Elias Ould Said: Strong uniform consistency of the local linear error regression  estimator under left truncation 

Abstract:  This paper is concerned with a nonparametric estimator of the regression function based on the local linear method when the loss function is the mean squared relative error and the data left truncated. The proposed method avoids the problem of boundary effects and is robust against the presence of outliers. Under suitable assumptions, we establish the uniform almost sure strong consistency with a rate over a compact set. A simulation study is conducted to comfort our theoretical result. This is made according to different cases, sample sizes, rates of truncation, in presence of outliers and a comparison study is made with respect to classical, local linear and relative error estimators. Finally, an experimental prediction is discussed.

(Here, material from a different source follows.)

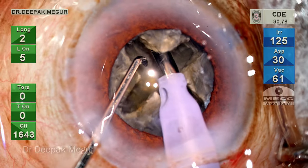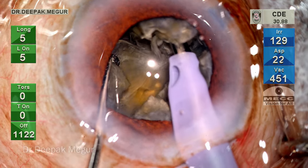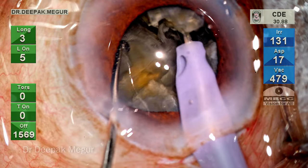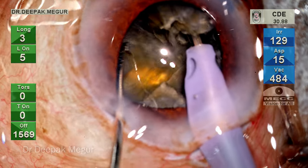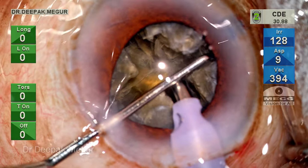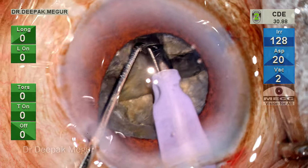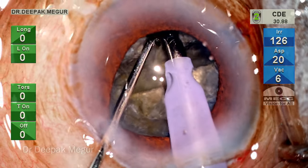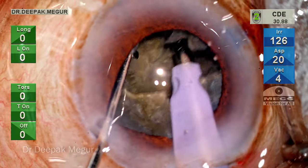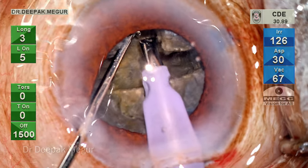I proceed to do the lateral separation without realizing that the central posterior plate is still not shaved deep enough. As expected, there is only a separation of the posterior plate in the peripheral part, but in the central part I am unable to proceed. I rotate the nucleus and try the same lateral separation maneuvers — the result is the same. The peripheral part breaks up while the central attachment continues to be there.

Vincent Rivoirard: Bayesian nonparametric inference for nonlinear Hawkes processes

Abstract: Hawkes processes are a specific class of point processes modeling the probability of occurrences of an event depending on past occurrences. Hawkes processes are therefore naturally used when one is interested in graphs for which the temporal dimension is essential. In the linear framework, the statistical inference of Hawkes processes is now well known. We will therefore focus more specifically on the class of nonlinear multivariate Hawkes processes that allow to model both excitation and inhibition phenomena between nodes of a graph. We will present the Bayesian nonparametric estimation of the parameters of the Hawkes model and the posterior contraction rates obtained on Hölder classes. From the practical point of view, since simulating posterior distributions is often out of reach in reasonable time, especially in the mutlivariate framework, we will more specifically use the variational Bayesian approach which provides a direct and fast computation of an approximation of the posterior distributions allowing the analysis in reasonable time of graphs containing several tens of neurons.

Joint work with Déborah Sulem and Judith Rousseau.

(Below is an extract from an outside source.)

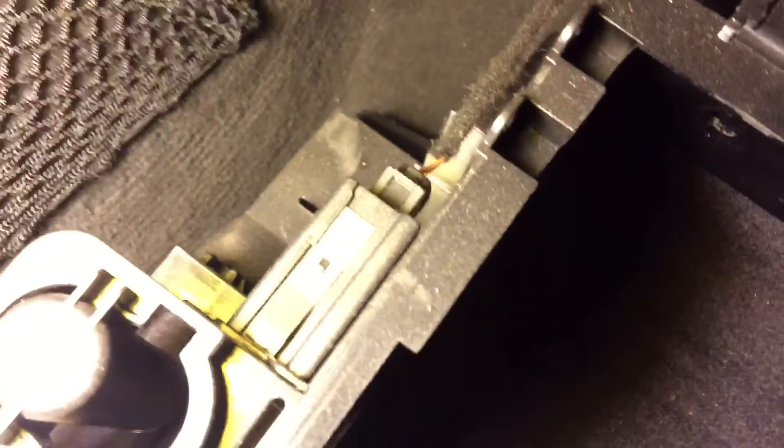The wires going to it are the plug blocks, the light, and probably the charger to the flashlight. Remove those two and it pops out — that's it.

Angelina Roche: Minimax rates in regression models for functional data

Abstract: In recent decades, significant research efforts have focused on regression models that involve functional data, which are data that can be modeled as samples of random functions. The minimax rates for the functional linear model and the fully nonparametric model are now well understood, although some aspects of these models still requires further exploration. However, for other models, like the single index model or the models with sparsity, the minimax rates are still unknown. The objective of this presentation is to provide a brief overview of the current state of knowledge regarding these models, as well as ongoning research on them.

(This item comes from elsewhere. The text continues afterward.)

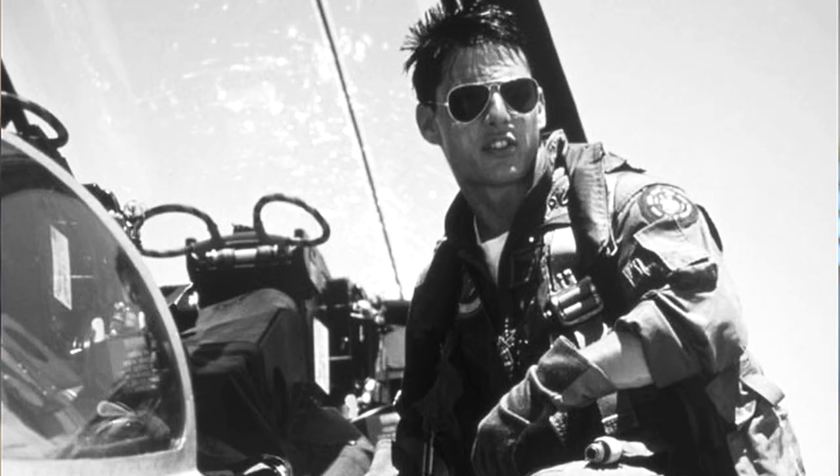Aviators were started in 1937 by Ray-Ban. Back then, they were made in the U.S. in upstate New York. They were specifically designed for pilots, hence the name Aviator. The reason for the shape is the pilots needed a deeper lens so they could see their control panels and all their instruments as they're flying, but still have enough lens to see out — to see where they're flying — hence the teardrop shape.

Flore Sentenac: Robust Estimation of Discrete Distributions under Local Differential Privacy

Abstract:  Although robust learning and local differential privacy are both widely studied fields of research, combining the two settings is just starting to be explored. We consider the problem of estimating a discrete distribution in total variation from $n$ contaminated data batches under a local differential privacy constraint.  A fraction 1-alpha of the batches contain k i.i.d. samples drawn from a discrete distribution p over d elements. To protect the users' privacy, each of the samples is privatized using an epsilon-locally differentially private mechanism. The remaining alpha n batches are an adversarial contamination. The minimax rate of estimation under contamination alone, with no privacy, is known to be alpha/sqrt{k}+sqrt{d/kn}. Under the privacy constraint alone, the minimax rate of estimation is sqrt{d^2/epsilon^2 kn}. We show, up to a sqrt{log(1/alpha)} factor, that combining the two constraints leads to a minimax estimation rate of alpha sqrt{d/epsilon^2 k} sqrt{d^2/\epsilon^2 kn}$, larger than the sum of the two separate rates. We provide a polynomial-time algorithm achieving this bound, as well as a matching information theoretic lower bound.